Records drawn from a dataset
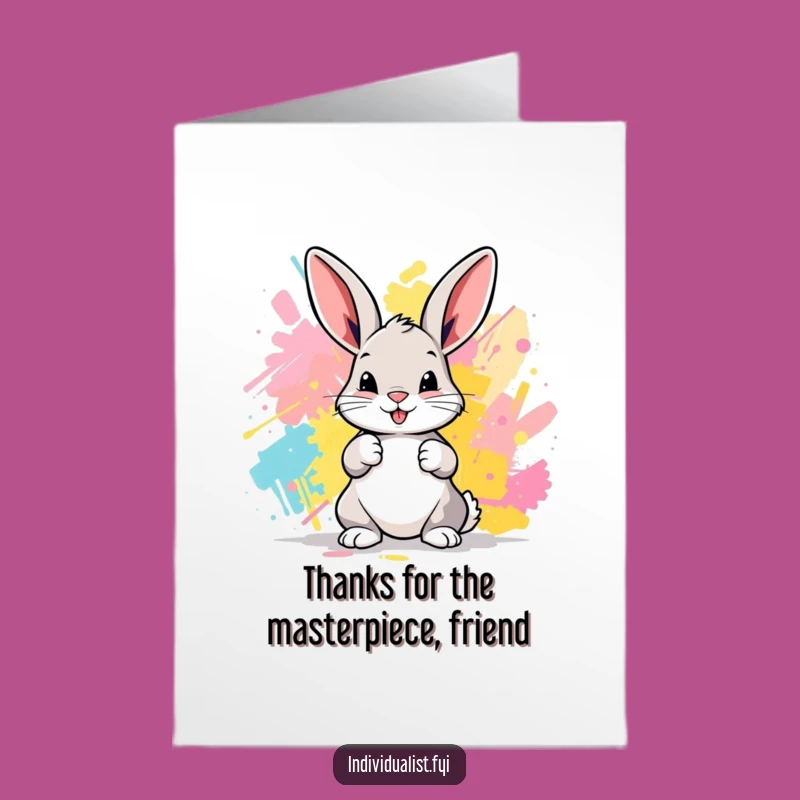 Free Printable Thank You Card: Bunny's Colorful Thanks, Unique Downloadable Gift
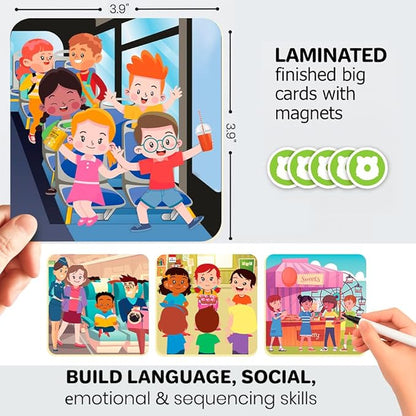 QUOKKA Sequence Speech Therapy Toys for Toddlers 3-4 - Autism Learning Materials for Kids 5-7 - Create a Story Cards Sentence Building - ABA Therapy Social Skills - Storytelling Picture Game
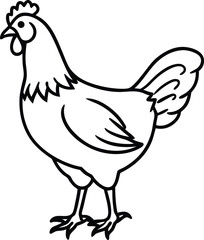 Isolated white domestic fowl silhouette with a red comb and beak, surrounded by a cartoon hen and her chicks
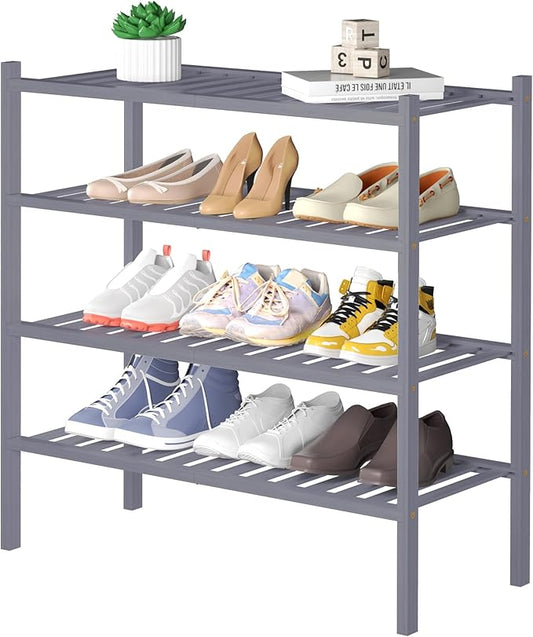 4 Tier Bamboo Shoe Rack for Closet Free Standing Wood Shoe Shelf for Entryway Small Space Stackable 27"x11"x26" (Grey)-NeatNest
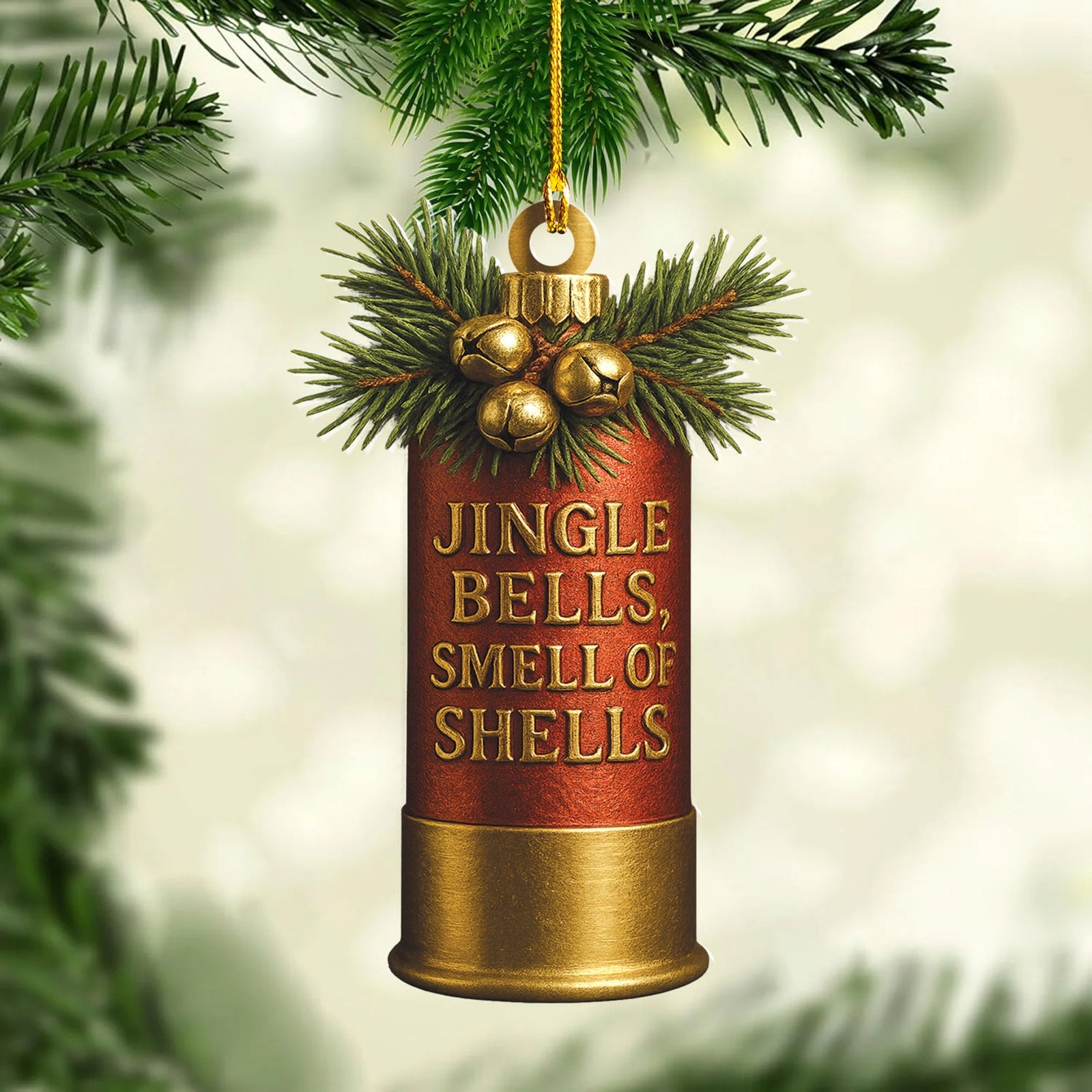 Blisscorners Funny Shotgun Shell Christmas Ornament Rustic Hunting Tree Decoration Gift for Hunters LM0110
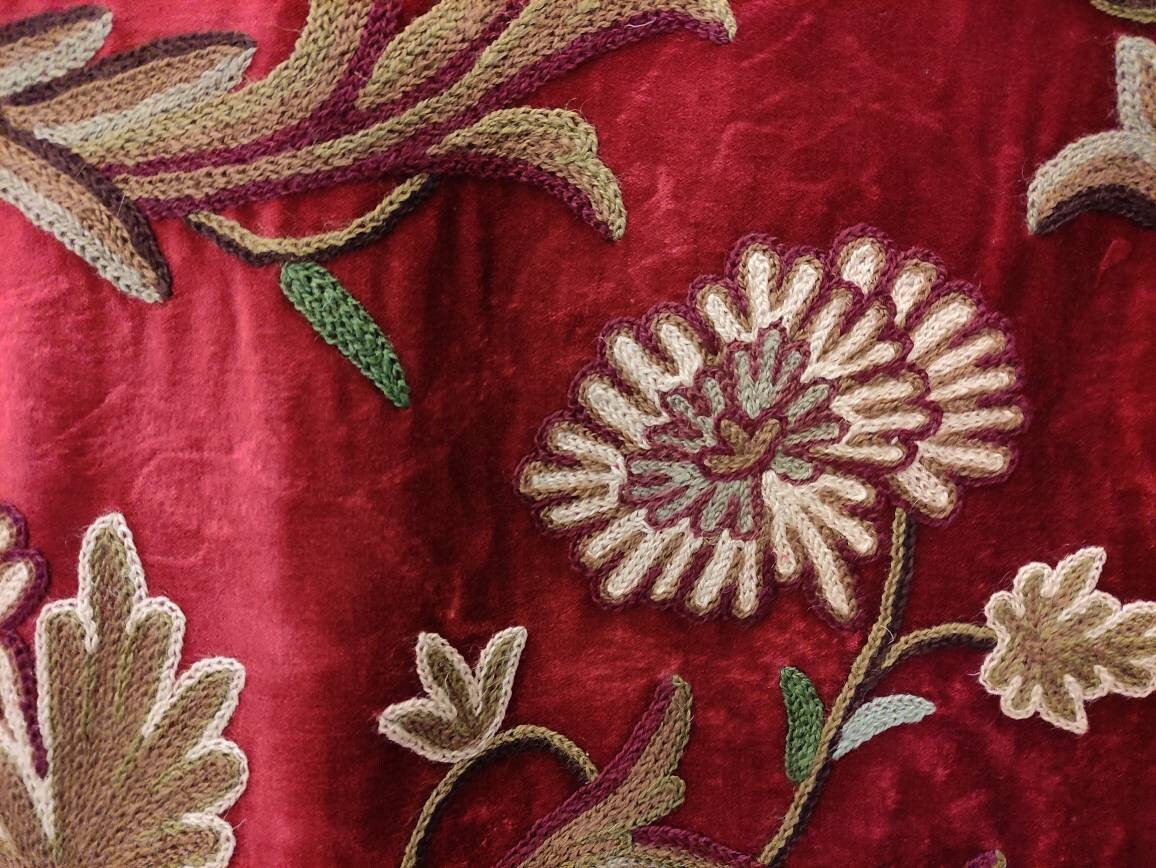 Crewel Fabric Hand Embroidered Kashmir Wool on Velvet Upholstery and Drapery Fabric Beige 60" x 1 Yard (By the Yard)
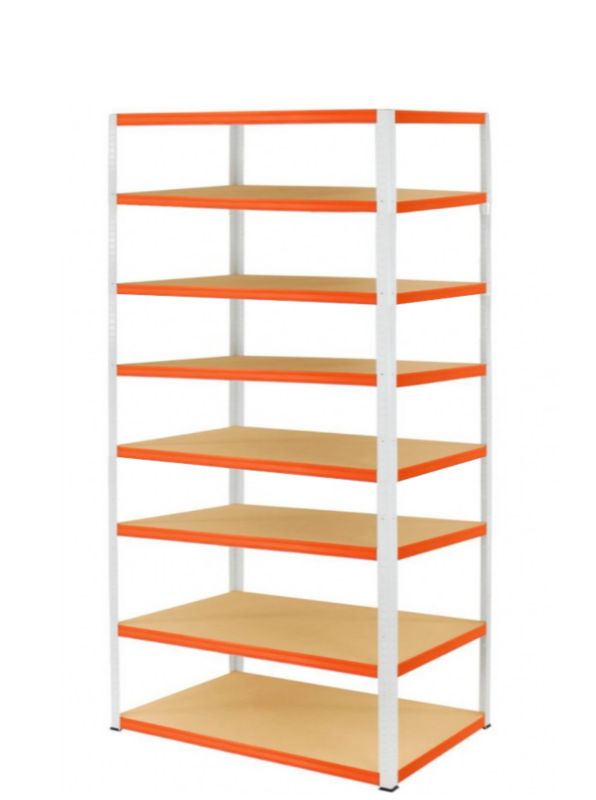 Regał metalowy MODO24 magazynowy biało-pomarańczowy helios 270x150x60cm 8 półek po 275 kg 1 szt.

• **EXERCISE AIM**: Retype every record above exactly as written, but leave out the pictures.

• **ANSWER BELOW**:
 Free Printable Thank You Card: Bunny's Colorful Thanks, Unique Downloadable Gift
 QUOKKA Sequence Speech Therapy Toys for Toddlers 3-4 - Autism Learning Materials for Kids 5-7 - Create a Story Cards Sentence Building - ABA Therapy Social Skills - Storytelling Picture Game
 Isolated white domestic fowl silhouette with a red comb and beak, surrounded by a cartoon hen and her chicks
 4 Tier Bamboo Shoe Rack for Closet Free Standing Wood Shoe Shelf for Entryway Small Space Stackable 27"x11"x26" (Grey)-NeatNest
 Blisscorners Funny Shotgun Shell Christmas Ornament Rustic Hunting Tree Decoration Gift for Hunters LM0110
 Crewel Fabric Hand Embroidered Kashmir Wool on Velvet Upholstery and Drapery Fabric Beige 60" x 1 Yard (By the Yard)
 Regał metalowy MODO24 magazynowy biało-pomarańczowy helios 270x150x60cm 8 półek po 275 kg 1 szt.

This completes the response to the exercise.